Born in Britain, art critic Brian Sewell (1931-2015) wrote for the "London Evening Standard" and made numerous television appearances throughout his distinguished media career. He was known for his outspoken and erudite reviews of art. [Listener: Christopher Sykes]
TRANSCRIPT: The second one was a couple of years behind me, and when I graduated, she really needed to know whether this warm friendship had any chance of continuing. And the friendship could, but nothing else. And a year after I’d left, I’d gone to work for Christie's, and Christie's had said, why don’t you go to Rome for us? And there are other things you can do on the way... people who want to show pictures and so on. And so I thought it would be fun to take Helen as a companion, and did. And even then, she thought that, you know, we were… there was a possibility. By then she knew that I was queer, but she had that foolish idea that all you have to do is get into bed with a girl and you’re immediately converted. And it ain’t true.
So, you know, but that’s pretty well the extent of it. There was an unfortunate moment with an older woman, a much older woman, in Paris. My last… at the end of my second year at The Courtauld, I got a job as a guide to a party of American tourists who were running around England and France, and we were in Paris. And the group had really begun to fall to pieces a bit. It was at cross-purposes with itself. And in Paris, the women all wanted to go shopping and not look at anything.
And so on. So I found myself saying to them, 'Well, tomorrow, we are supposed to go to Malmaison, and we are leaving at nine and it’s a long day, and if you’re not there, we shall leave. We can’t delay'. And I went down, and nobody turned up. Not a single person wanted to go to Malmaison. So I went on my own, and I had a lovely day, really memorably beautiful day at Malmaison. I came back to the… to Paris. On my way to the hotel, past… went down a narrow street with lovely things in the windows, like custard pies and salamis and whatnot... snails. And I thought, I really… I don’t want to have dinner with these people. I will have dinner in my room. And so I bought myself a picnic. And I had a tiny room at the very top of the hotel. All the travellers had rather grander accommodation. And I’d set... tiny table... I’d set it with everything I was going to have, by the window. Great view. Bottle of wine.
And there was a knock on the door, and it was one of… it was… her name was Mrs Heller, Peg Heller. And she came in and said, 'I’m old enough to be your grandmother, but I’m going to bed with you'. And I said something feeble, like I don’t do that sort of thing, or whatever. And before I knew what had happened, she’d got my trousers undone and my cock in her mouth. And she hadn’t taken her glasses off, and they were big, sort of, diamanté frames with wings to them. And they kept on catching in my pubic hair as she moved backwards and… and you know, when you’re twenty-something, you have an erection whether you want to or not. And oh God… anyway, that was… that really was the most physical thing that ever happened to me with a woman. So…
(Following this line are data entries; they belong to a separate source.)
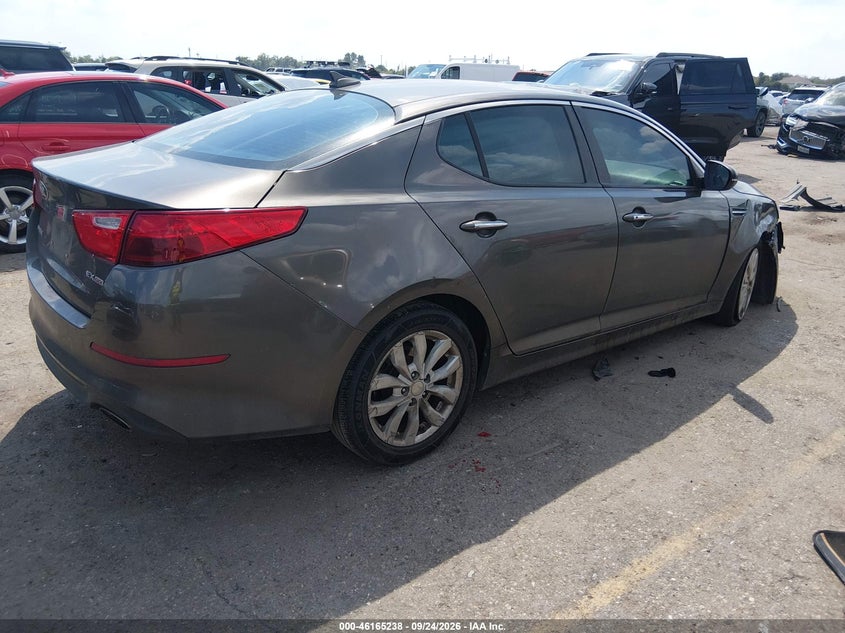 Vin: 5xxgn4a74fg399005, lot: 46665080, kia optima ex 20154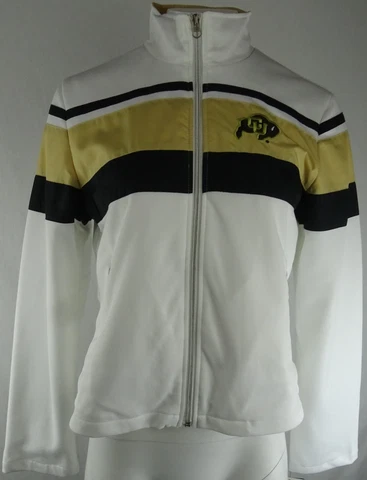 University of Colorado Buffalos NCAA G-III Women's Full Zip Track Jacket Cover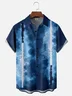Moisture-wicking Fun and Avant-garde Laser Sword Star Art Wars Chest Pocket Bowling Shirt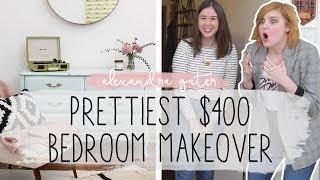 Epic Bedroom Makeover For Under $400  Feat. Stacey Mcgunnigle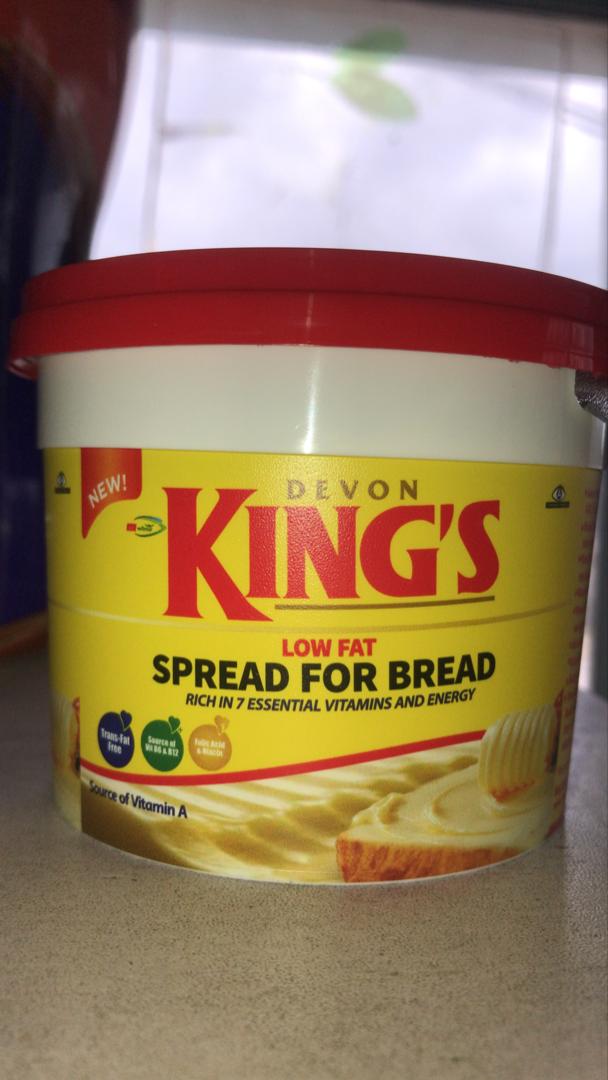 King's Low Fat Spread 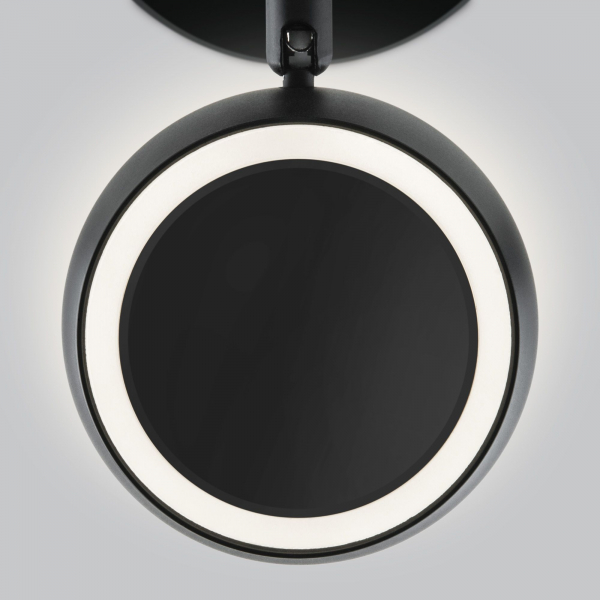Настенный  светодиодный светильник Oriol LED MRL LED 1018 черный, изображение 3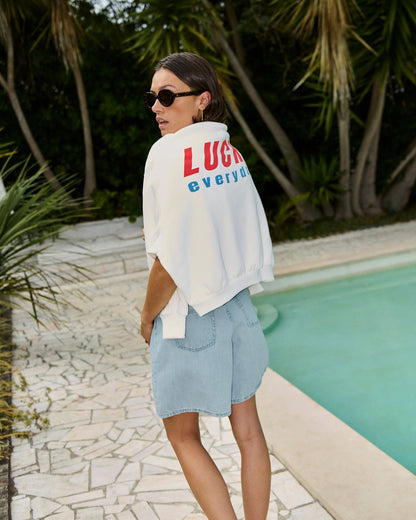 Bibi Lucky Sweatshirt - Off White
[CS] It's terribly funny...
Peg… when… she kept on writing. She lived in South Carolina, in Charleston. And for several years afterwards, she would send me boxes of Carolina cookies or Charleston chocolates or whatever, with letters of such filthy imaginings that I did not know that human beings could do this sort of thing together, certainly not women well into their sixties. And so I thought… very instructive, though, eventually. When you get around to it yourself.